Ukrainische Leiharbeiter bei DHL

18. Dezember 2019

Seit Abschaffung der Visapflicht kommen vermehrt ukrainische Studenten als Leiharbeiter nach Deutschland. Firmen wie DHL brauchen sie im Paketgeschäft. Die Rekrutierung übernehmen Partner, die nicht immer legal agieren.

Deutschland DHL Pakete
Bild: picture-alliancet/dpa/D. Bockwoldt

In den Wochen vor Weihnachten verfällt Deutschland in einen Kaufrausch. Von der Playstation bis zum Fahrrad werden die Geschenke immer öfter im Internet gekauft, und zwar egal, wie groß und schwer sie sind. Für die Verlader in den Logistikzentren ist das ein echter Knochenjob. Unzählige Pakete müssen sie jeden Tag vom Fließband in Rollbehälter einsortieren und in LKWs verladen. 355 Millionen Päckchen und Pakete erwartet der Bundesverband der Paket- und Expresslogistik in diesem Jahr im Weihnachtsgeschäft und damit sieben Prozent mehr als im Vorjahr. Um die explodierende Menge der Pakete zu bewältigen, beschäftigen die Logistikunternehmen vorübergehend tausende Leiharbeiter.

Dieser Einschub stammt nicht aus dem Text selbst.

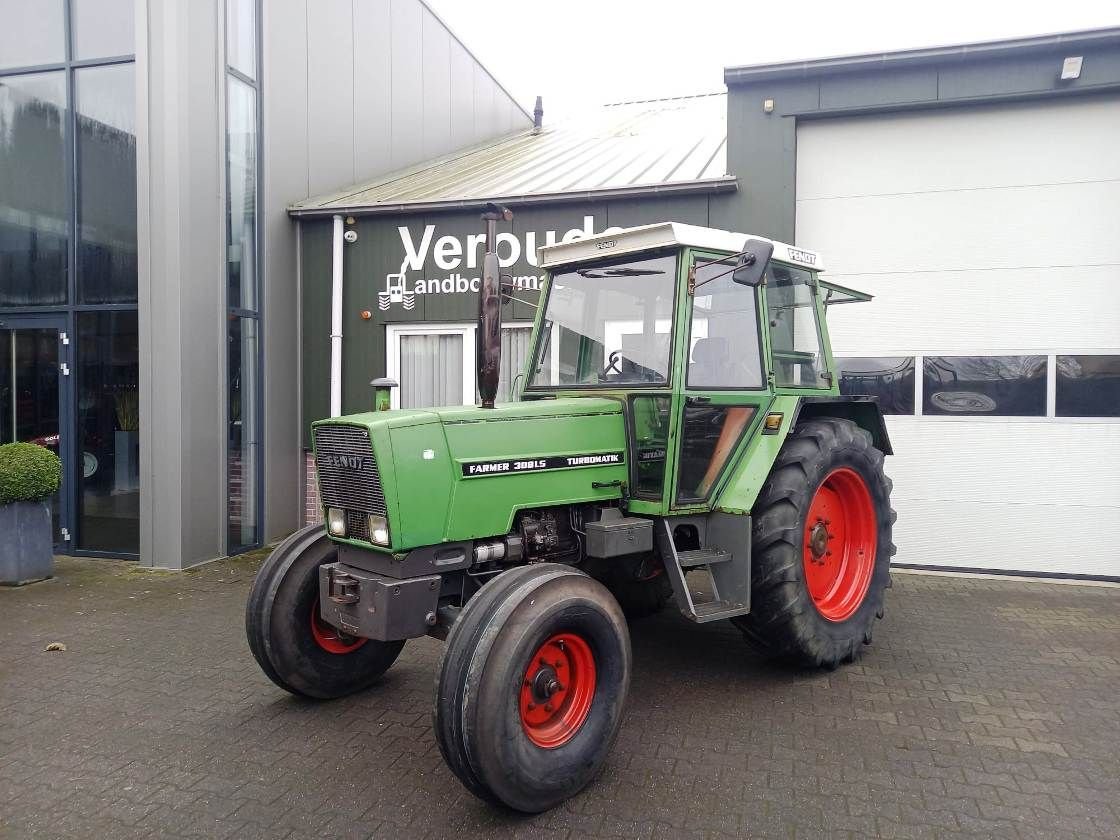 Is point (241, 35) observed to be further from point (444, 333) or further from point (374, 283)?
point (444, 333)

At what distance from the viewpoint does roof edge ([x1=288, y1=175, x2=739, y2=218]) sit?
24.6 ft

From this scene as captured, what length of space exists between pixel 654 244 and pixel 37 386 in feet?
22.6

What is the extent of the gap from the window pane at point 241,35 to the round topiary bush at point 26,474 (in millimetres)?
3969

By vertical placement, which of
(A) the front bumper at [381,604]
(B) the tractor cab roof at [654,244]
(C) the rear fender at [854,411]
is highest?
(B) the tractor cab roof at [654,244]

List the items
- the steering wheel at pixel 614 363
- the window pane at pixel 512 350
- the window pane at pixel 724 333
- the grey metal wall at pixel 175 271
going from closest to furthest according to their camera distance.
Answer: the window pane at pixel 724 333, the steering wheel at pixel 614 363, the grey metal wall at pixel 175 271, the window pane at pixel 512 350

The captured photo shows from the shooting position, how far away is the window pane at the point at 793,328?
475cm

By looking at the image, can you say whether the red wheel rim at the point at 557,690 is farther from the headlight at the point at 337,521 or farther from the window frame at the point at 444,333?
the window frame at the point at 444,333

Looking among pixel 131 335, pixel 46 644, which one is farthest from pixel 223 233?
pixel 46 644

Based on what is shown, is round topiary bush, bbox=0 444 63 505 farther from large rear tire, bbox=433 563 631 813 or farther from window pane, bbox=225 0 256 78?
large rear tire, bbox=433 563 631 813

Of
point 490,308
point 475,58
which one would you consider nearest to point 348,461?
point 490,308

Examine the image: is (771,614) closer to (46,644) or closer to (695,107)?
(46,644)

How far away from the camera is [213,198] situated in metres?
7.53

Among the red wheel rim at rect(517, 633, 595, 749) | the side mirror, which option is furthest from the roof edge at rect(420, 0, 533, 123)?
the red wheel rim at rect(517, 633, 595, 749)

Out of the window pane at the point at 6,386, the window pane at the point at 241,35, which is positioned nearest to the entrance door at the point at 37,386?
the window pane at the point at 6,386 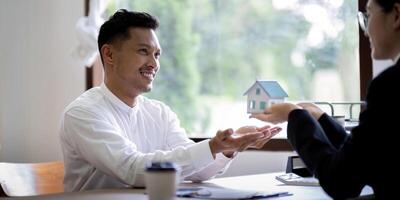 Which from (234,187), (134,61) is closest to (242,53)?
(134,61)

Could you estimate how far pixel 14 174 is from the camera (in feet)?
7.63

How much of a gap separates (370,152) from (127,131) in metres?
1.17

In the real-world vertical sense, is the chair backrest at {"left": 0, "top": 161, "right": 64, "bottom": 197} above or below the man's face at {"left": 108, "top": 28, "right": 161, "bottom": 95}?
below

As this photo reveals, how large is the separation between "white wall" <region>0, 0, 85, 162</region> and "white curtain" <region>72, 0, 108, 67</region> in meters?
0.16

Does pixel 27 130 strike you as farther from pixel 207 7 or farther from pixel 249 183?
pixel 249 183

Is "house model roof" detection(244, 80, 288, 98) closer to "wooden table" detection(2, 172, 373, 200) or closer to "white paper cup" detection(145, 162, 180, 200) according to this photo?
"wooden table" detection(2, 172, 373, 200)

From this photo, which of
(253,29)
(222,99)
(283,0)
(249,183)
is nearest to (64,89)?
(222,99)

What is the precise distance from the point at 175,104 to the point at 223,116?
0.92ft

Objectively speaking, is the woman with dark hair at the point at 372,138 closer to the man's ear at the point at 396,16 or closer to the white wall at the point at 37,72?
the man's ear at the point at 396,16

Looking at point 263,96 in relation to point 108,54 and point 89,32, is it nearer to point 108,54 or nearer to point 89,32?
point 108,54

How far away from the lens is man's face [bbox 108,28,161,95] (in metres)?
2.30

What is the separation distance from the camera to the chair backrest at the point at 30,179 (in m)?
2.26

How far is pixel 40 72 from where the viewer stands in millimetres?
3227

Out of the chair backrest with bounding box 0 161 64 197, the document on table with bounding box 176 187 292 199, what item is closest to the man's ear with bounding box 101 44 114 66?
the chair backrest with bounding box 0 161 64 197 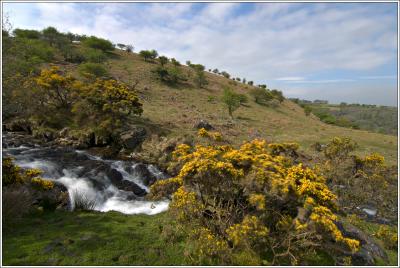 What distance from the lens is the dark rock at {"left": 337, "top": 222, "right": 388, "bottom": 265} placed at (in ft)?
30.1

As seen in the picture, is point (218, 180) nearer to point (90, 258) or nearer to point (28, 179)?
point (90, 258)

Keine Tarifbindung bei Leiharbeitern

Verlader beim Paketdienst DHL erhalten gemäß Tarifvertrag einen Lohn von 12 Euro pro Stunde. Dies gilt aber nicht für Leiharbeiter wie Petro N. (Name von der Redaktion geändert). Der Ukrainer ist bereit, für weniger als zehn Euro zu arbeiten - immerhin gerade noch ein paar Cent über dem Mindestlohn von derzeit 9,19 Euro.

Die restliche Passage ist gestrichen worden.